In the 2000-2001 academic year, the percentage of female students in the higher degrees of Computer Science Vocational Training was close to 27% and in 2019-2020 (the last year available) it stood at 10%. In 1985, 30% of the students of the computer science degree were women, and now it is 12%. In the Mathematics career they have gone from being just over half to representing 36%. The weight of women has fallen in university studies in Physics, Statistics, Telecommunications and Aeronautics in the last two decades. And although in some technological Vocational Training degrees the percentage has risen, in four of them it remains below or well below 10%. The data is contained in the study entitled X-ray of the gender gap in STEAM training (acronym in English for science, technology, engineering and mathematics), which the Ministry of Education presents this Friday coinciding with the International day of women and girls in science.
Along with the bad news, Grañeras, head of the Equality Unit of the Ministry of Education, finds signs in the data that make him think that it is possible to change the vision that female students have about studies that provide job opportunities and salaries for above average. Women are not only a clear majority in degrees related to Health and care, but also in others that, being obviously technological, incorporate the prefix bio (life), such as the Biotechnology degree, where they represent 62%. As pointed out by a testimony collected by Steven Pinker in his work the blank slate, women seem, on average, more interested in studying questions related to living things than to the inner workings of, say, an appliance. For this reason, says Grañeras, “one of the levers to change the story” around these studies that reaches girls and young women is to convey to them “that technology is related to caring for people, the planet and sustainability”.

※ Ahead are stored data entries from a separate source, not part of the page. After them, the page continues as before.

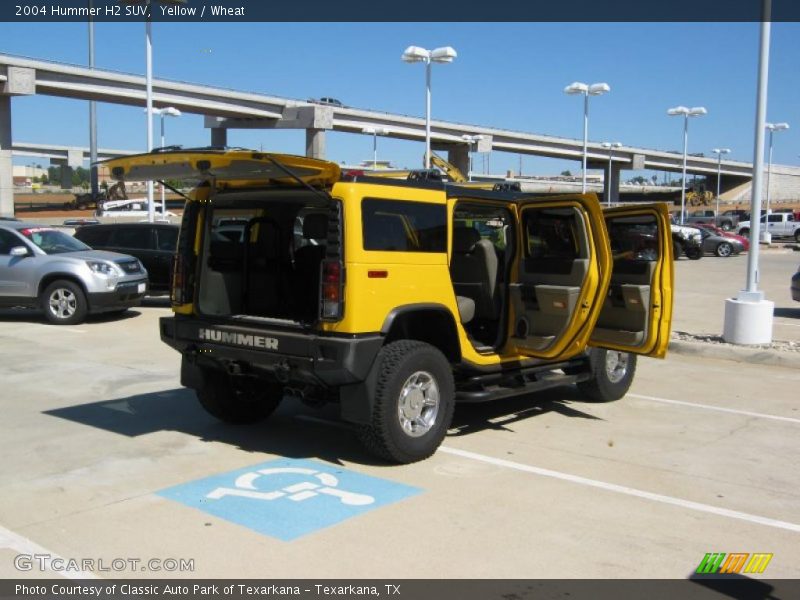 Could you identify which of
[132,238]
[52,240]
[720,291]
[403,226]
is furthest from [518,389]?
[720,291]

Strengthening this message to reduce “gender prejudice” and the “differentiated socialization” of boys and girls is one of the objectives of the materials that the ministry is creating within the framework of the so-called STEAM Alliance, promoted a year ago by Educación ya the one that ensures that a hundred companies and entities have joined, and also appears in the new regulations that will regulate teaching (curricula).
The document concludes that girls begin to move away from these disciplines in primary education, and that is when action must begin. Based on the TIMSS international report, prepared by the International Association for the Evaluation of Educational Achievement, the study shows that in fourth grade (9 and 10 years old) 36.7% of Spanish girls say they do not feel confident about mathematics, compared to 23.5% of boys. At the other extreme, 21.3% of girls feel very safe with discipline, and the percentage increases to 32.5% in the case of boys. The document also shows that in both the TIMSS exams and those of the PISA report (another international test that is carried out in high school), female students obtain significantly worse results in mathematics, something that does not happen in science, where they are similar, and that invest in the case of reading.
majority of women
Despite the fact that in the general picture their presence is low, women are the majority in some areas of STEAM degrees. The main one is Health, where they represent 78% in intermediate level vocational training cycles and 76% in higher level cycles. They account for 69% of the students in Medicine, 82% in Nursing and 75% in Biomedicine. They are also the majority, by a bit, in Chemistry (in Vocational Training and University), and in the middle cycle (although not in the higher one) of FP of Food Industries.